[[ GIVEN INFORMATION open ]]

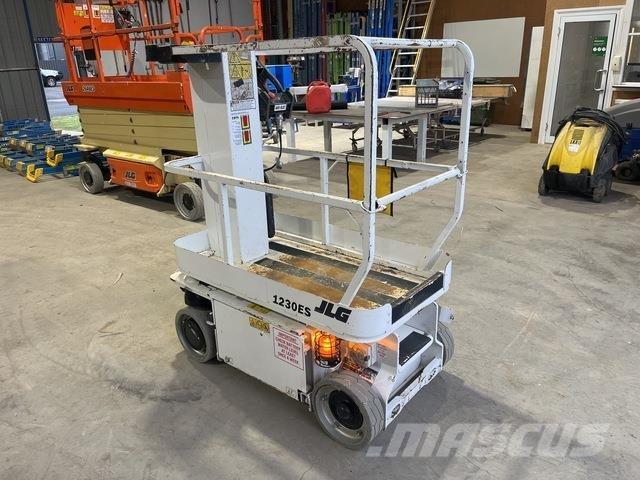 JLG 1230ES Вертикальные мачтовые подъемники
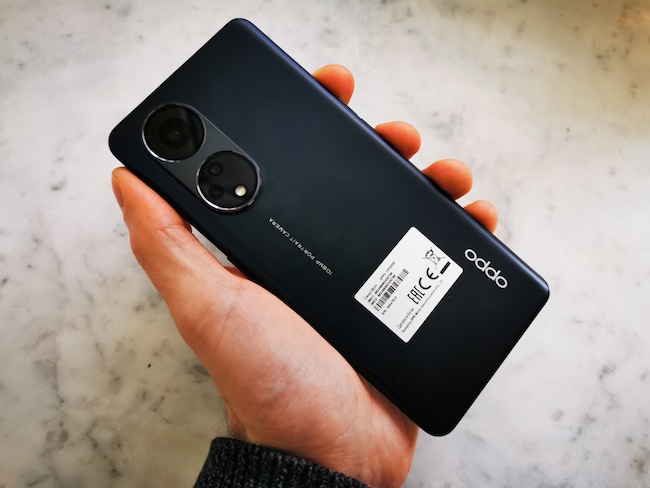 Обзор смартфона OPPO Reno8 T 5G на Android 13.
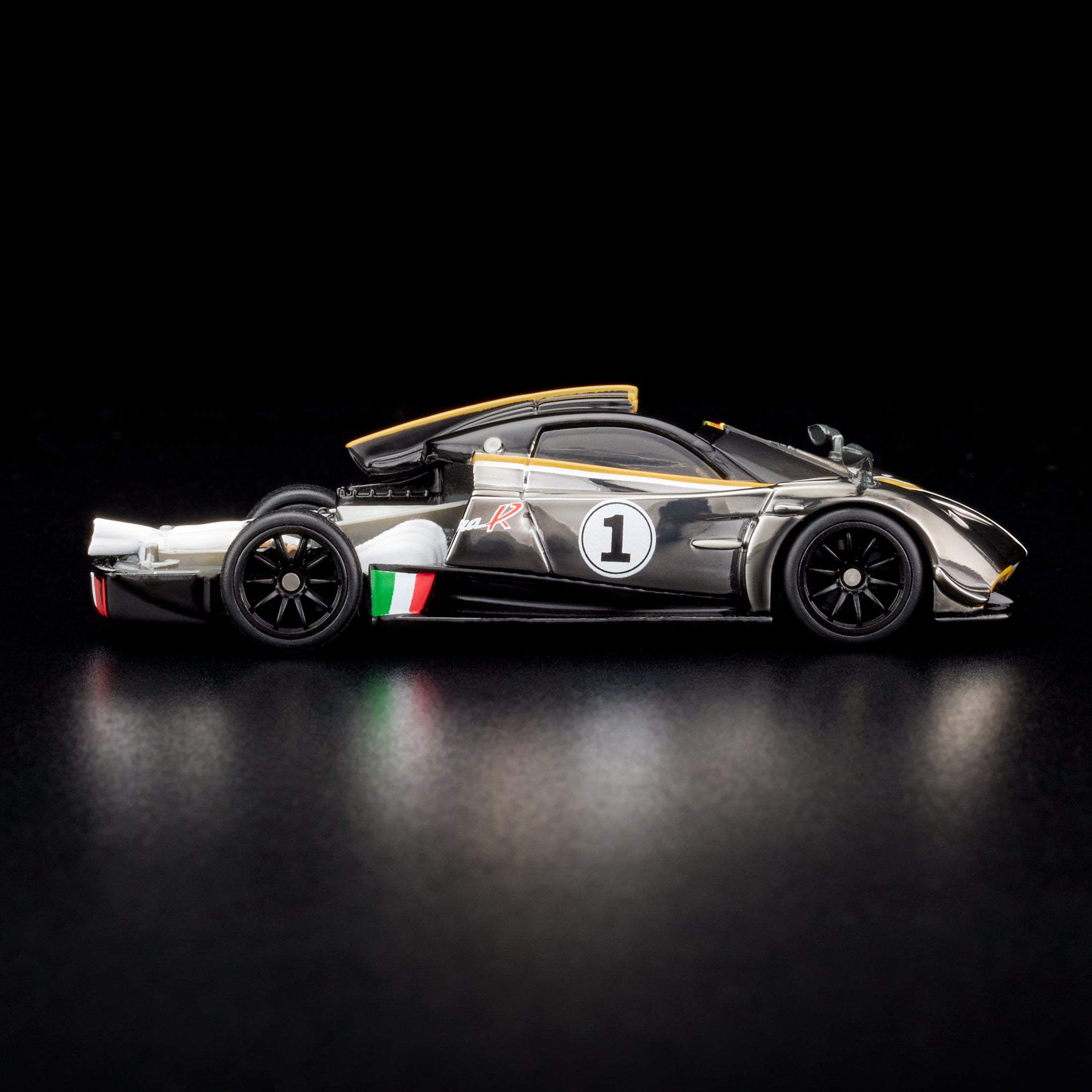 Hot Wheels RLC Exclusive '21 Pagani Huayra R - Image 7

[[ GIVEN INFORMATION closed ]]

PROBLEM REQUIREMENTS:
Output the line containing "Обзор смартфона OPPO" and each line after it, through the end of the material, exactly as given. No pictures belong in the output.

ANSWER SPACE:
 Обзор смартфона OPPO Reno8 T 5G на Android 13.
 Hot Wheels RLC Exclusive '21 Pagani Huayra R - Image 7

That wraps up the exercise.